Аналогичное орнаментальное решение декора резных балок – «бузовезов» характерно для творчества горных таджиков, т.е. населе­ния, в значительной мере сохранившего реликты древнейших арийских традиций. М.Рузиев в своей работе «Искусство таджикской резьбы по дереву» отмечает, что: «В памирском жилище перекладина является до сих пор обязательной архитектурной деталью. Она всегда орнаменти­ровалась резьбой. Связанная с древними традициями перекладина и поныне имеет широкое распространение в народной архитектруе памирцев», но в жилищах Памира «встречаются также перекладины, кото­рые не выполняют ни декоративную, ни утилитарную функции. Они тон­ки, не обработаны, только ножом намечены деления на множество квадратиков, иногда с крестами в каждом из них» [419]. Это последнее за­мечание М.Рузиева особенно интересно в связи с тем, что в данном случае балка-бузовез выполняла не утилитарные, а сакральные функ­ции, и отмечающий эти фугкции орнамент идентичен тому, что мы по­стоянно встречаем на лопасках северно-русских прялок.

В свете того, что говорилось ранее о функционировании прялок в качестве надгробий на территории королевства Боснии, где вместо кре­стов до середины XVIII в. (!) по обычаю ставили «простыя древеса съ преслицомъ», а также севернорусского обычая носить в Святки прял­ки на могилы или даже опускать их в свежевыкопанные могильные ямы, мы можем предположить, что общность формы и декора резных досок Гиндукуша, северокавказских надгробий, ножек и лопасок севернорус­ских прялок и швеек вызвана в значительной мере древним единством функций этих, столь, казалось бы, различных, предметов и родством на­родов, пользовавшихся одними и теми же знаковыми формами с одина­ковой смысловой нагрузкой.
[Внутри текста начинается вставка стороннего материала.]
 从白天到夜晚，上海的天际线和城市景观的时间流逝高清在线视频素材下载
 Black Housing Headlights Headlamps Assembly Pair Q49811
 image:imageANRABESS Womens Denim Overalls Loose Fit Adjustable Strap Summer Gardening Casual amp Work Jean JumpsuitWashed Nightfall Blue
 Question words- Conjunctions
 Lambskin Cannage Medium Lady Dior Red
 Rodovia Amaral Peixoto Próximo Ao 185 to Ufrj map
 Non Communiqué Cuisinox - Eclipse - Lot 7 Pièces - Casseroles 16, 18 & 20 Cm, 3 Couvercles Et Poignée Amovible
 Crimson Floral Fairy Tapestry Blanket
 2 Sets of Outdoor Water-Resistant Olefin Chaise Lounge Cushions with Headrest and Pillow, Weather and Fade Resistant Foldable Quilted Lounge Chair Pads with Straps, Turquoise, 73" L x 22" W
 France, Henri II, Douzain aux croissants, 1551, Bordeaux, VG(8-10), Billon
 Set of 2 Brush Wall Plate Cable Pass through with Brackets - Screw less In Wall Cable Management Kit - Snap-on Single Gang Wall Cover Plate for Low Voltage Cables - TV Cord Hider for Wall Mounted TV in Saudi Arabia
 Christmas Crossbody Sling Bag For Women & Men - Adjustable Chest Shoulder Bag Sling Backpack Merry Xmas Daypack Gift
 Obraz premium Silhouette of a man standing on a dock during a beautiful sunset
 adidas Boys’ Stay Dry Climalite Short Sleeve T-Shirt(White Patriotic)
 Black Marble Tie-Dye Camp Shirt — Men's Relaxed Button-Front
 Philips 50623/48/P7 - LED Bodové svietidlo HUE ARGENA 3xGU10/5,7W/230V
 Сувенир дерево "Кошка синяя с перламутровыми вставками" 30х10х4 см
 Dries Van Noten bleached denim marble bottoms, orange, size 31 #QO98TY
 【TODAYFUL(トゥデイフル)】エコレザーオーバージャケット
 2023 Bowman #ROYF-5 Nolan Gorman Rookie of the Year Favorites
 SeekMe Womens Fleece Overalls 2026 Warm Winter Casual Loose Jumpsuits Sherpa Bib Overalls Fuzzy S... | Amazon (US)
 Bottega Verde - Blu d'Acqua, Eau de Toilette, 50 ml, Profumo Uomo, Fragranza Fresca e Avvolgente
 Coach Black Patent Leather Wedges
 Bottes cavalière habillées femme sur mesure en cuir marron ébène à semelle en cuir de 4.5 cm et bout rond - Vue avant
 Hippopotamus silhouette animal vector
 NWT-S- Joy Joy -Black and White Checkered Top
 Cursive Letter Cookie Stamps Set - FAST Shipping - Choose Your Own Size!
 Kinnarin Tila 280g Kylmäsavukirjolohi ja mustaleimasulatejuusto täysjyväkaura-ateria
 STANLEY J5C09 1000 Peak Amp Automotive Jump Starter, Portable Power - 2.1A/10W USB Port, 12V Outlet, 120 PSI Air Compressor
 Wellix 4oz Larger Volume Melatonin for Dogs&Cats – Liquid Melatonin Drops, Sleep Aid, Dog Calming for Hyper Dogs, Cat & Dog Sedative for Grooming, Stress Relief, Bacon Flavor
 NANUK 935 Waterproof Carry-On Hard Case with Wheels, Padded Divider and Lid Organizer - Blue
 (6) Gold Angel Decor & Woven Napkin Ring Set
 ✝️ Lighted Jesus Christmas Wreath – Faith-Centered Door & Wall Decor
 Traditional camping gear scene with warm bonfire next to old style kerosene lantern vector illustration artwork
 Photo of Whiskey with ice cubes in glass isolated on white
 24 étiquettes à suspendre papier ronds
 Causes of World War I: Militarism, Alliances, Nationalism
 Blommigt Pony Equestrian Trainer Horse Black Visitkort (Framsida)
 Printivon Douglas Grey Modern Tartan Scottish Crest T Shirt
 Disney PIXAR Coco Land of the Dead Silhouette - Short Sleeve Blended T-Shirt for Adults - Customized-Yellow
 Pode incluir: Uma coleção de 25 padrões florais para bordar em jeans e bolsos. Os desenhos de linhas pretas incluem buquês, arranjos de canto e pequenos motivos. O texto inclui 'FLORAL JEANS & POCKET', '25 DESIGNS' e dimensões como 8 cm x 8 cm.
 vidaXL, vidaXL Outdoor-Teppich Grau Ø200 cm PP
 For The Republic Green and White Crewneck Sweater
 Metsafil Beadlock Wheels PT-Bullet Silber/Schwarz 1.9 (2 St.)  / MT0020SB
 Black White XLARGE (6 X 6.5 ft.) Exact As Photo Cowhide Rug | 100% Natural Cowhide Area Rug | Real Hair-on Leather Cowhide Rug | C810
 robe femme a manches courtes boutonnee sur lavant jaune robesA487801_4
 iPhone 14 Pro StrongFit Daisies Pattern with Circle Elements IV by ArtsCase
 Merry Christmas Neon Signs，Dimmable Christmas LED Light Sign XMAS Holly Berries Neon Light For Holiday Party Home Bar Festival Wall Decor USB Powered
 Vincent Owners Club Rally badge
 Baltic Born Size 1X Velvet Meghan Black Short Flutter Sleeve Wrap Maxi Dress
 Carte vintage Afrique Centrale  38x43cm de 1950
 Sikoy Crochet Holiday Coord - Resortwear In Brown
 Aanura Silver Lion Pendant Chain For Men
Если это так, то дальнейшее изучение и дифференциация типов прялок и их декора, возможно, даст в руки ис­следователей богатейший материал для изучения этногенетических и миграционных процессов, протекавших на протяжении длительного исторического периода на обширных территориях Евразийского мате­рика. Вероятно, именно вследствие таких этногенетических и миграци­онных процессов, наличие которых подтверждается данными антропологии [420], произошла сакрализация определенной техники резьбы по де­реву, определенного набора геометрических составляющих резного де­ревянного декора у народов, связанных единством происхождения, ге­нетическим родством.

Н.М.Бачинский, анализируя роль резного дерева в архитектуре Средней Азии, отмечает, что такой вид прикладного искусства, как резь­ба по дереву, представлен настолько разнообразно и в таких совершен­ных образцах, что «нет никаких сомнений в древности этого вида худо­жественного производства у коренного населения страны» [421]. Но он же ставит вопрос о том, «Как в стране, настолько бедной лесом, мог заро­диться и развиться до такого совершенства этот тонкий вид декоративной отделки» [422]. Н.М.Бачинский считает, что именно из-за высокой ценности и дефицитности дерева сложилось более внимательное отно­шение к этому материалу, что в свою очередь вызвало к жизни художе­ственную резьбу. Однако эта аргументация представляется малоубеди­тельной, так как точно такая же резьба, как и в бедной строительным деревом Средней Азии, была широко распространена вплоть до начала XX века в районах, где оно всегда, по меньшей мере с мезолитической эпохи, было основным строительным материалом, где из дерева созда­валось подавляющее большинство предметов быта: орудия, утварь, средства передвижения и т.д. – то есть в лесной и лесостепной полосе Восточной Европы.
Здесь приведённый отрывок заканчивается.